Trial Begins for NYC Cop Caught Tackling Cyclist
The police officer said he was deliberately rammed by a rowdy cyclist, one of thousands demonstrating in Times Square.
But a witness's video, posted online, told a different story. Former officer Patrick Pogan faces trial on charges he purposefully knocked the activist off his bike and lied about it on his report; opening statements are scheduled for Monday.
Nearly 20 years after an amateur tape of Los Angeles officers beating driver Rodney King sparked a national outcry, the New York case spotlights the growing prevalence of witness and surveillance video in law enforcement in an era of YouTube and cell-phone cameras, and whether the videos show the full story.
Four officers were acquitted of criminal charges in the 1991 King beating, igniting a riot that killed more than 50 people. In the years since, videotapes of police activity have sometimes implicated suspects and exonerated officers - and at other times have suggested the opposite.
"It's very hard for offenders to commit crimes without being captured, either on a surveillance camera or a cell phone," James Alan Fox, a criminologist at Northeastern University.
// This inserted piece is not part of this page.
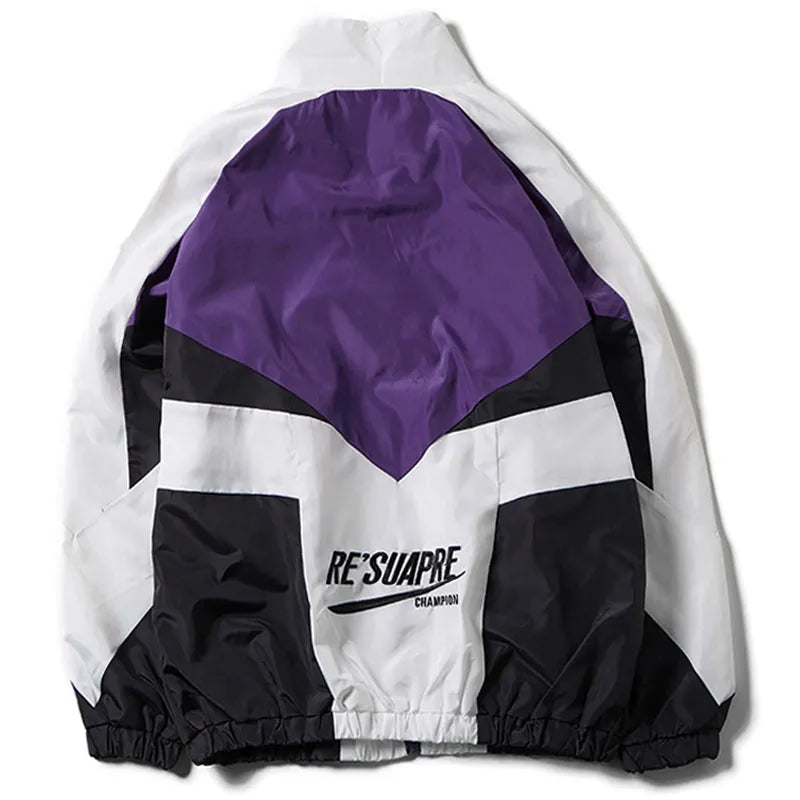 'COLLEGE VARSITY' STREETWEAR UNISEXE HOMMES FEMMES URBAN BOMBER JACKET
But the ever-expanding corps of cameras also means officers' "behavior is constantly being recorded, and that might be a potential minus."
In Maryland, two Prince George's County officers were suspended after a March 3 video taken by a University of Maryland student from a dorm room window appeared to show an unprovoked attack on a student during a rowdy post-game celebration.
A northern California transit officer is headed for trial in June on a murder charge stemming from a 2009 incident that became a widely watched video online. Johannes Mehersle is accused of shooting an unarmed man in the back on an Oakland train station platform; his lawyer has said Mehserle mistakenly pulled his handgun instead of his stun gun.
To civil liberties advocates, videotapes offer citizens the prospect of effectively countering the authoritative weight of police reports and other official statements.
"There's no question but that video evidence gives ordinary people enormous boosts in credibility when confronting contradictory police evidence," said Donna Lieberman, executive director of the New York Civil Liberties Union.
In the Pogan case, the video of the 2008 confrontation "was a crucial element of persuading the DA to prosecute it," said New York attorney Norman Siegel. The attorney has represented riders in the cycling demonstration who urged charges against the then-officer.
The Manhattan District Attorney's office declined comment on the role the video might play in the trial, although prosecutors emphasized the video when announcing charges in 2008.
The dispute between Pogan and cyclist Christopher Long happened during Critical Mass, a monthly protest of urban reliance on motor vehicles.Long was initially arrested on a charge of resisting arrest, based largely on Pogan's account of Long purposefully swerving into him at the July 25, 2008, demonstration.
The video clip, shot by a Florida tourist, was posted online a few days later and has been viewed more than 2.1 million times.
It shows Pogan, then a rookie cop, standing in the street as bikes whiz past. He moves toward Long and violently knocks him to the ground in front of crowds of people. Another officer comes over, and the two officers wrestle with Long before handcuffing him.
Time's Up!, one of the groups sponsoring the ride, collected the roughly minute-long video after the incident, paying $310 to the tourist, the group said.
The charges against Long were later dropped. His lawyer, David B. Rankin, said he was thankful the video had surfaced.
But Pogan's lawyer, Stuart London, said witnesses have said the video didn't capture important pieces of the run-up to the incident.
"If you look at (Long's) actions beforehand, his hands were off the handlebars. ... He's screaming, trying to call attention to himself. He's disrupting traffic," said London, who said the full account will vindicate Pogan.
Pogan, who resigned from the force in February 2009, has pleaded not guilty to charges including assault and falsifying business records. He faces up to four years in prison if convicted.
Both police and civil liberties advocates generally agree the spread of video cameras has proven useful. Police in New York, Dallas and other places have installed video cameras on patrol cars' dashboards to document arrests and traffic stops. Investigators increasingly turn to surveillance footage and cell phone cameras to capture suspects and build cases; the New York Police Department solicits video clips as tips.
Video can raise questions as well as answer them, experts say, especially because the visual record can seem so definitive: Now you see it, yes, but what about what you don't?
What happened before the "record" button was pressed? Who shot it, and why? What did it look like from another point of view?
Perspective made stark differences, for example, in dueling videotapes of an April 2009 protest at the New School, a university in Manhattan. Students occupied a school building for several hours, calling for the resignation of the university's president.
Video shot by student activists appeared to show angry police chasing down protesters outside. But a video shot by officers inside the building appeared to portray a calm, orderly and peaceful scene with students voluntarily being arrested.
"Clearly, (a video's) one piece of documentation is not everything that happened, and it's not a 360-degree view," said Pat Aufderheide, a documentary film expert and director of American University's Center for Social Media. "But it's a representation that, in general, people know how to read."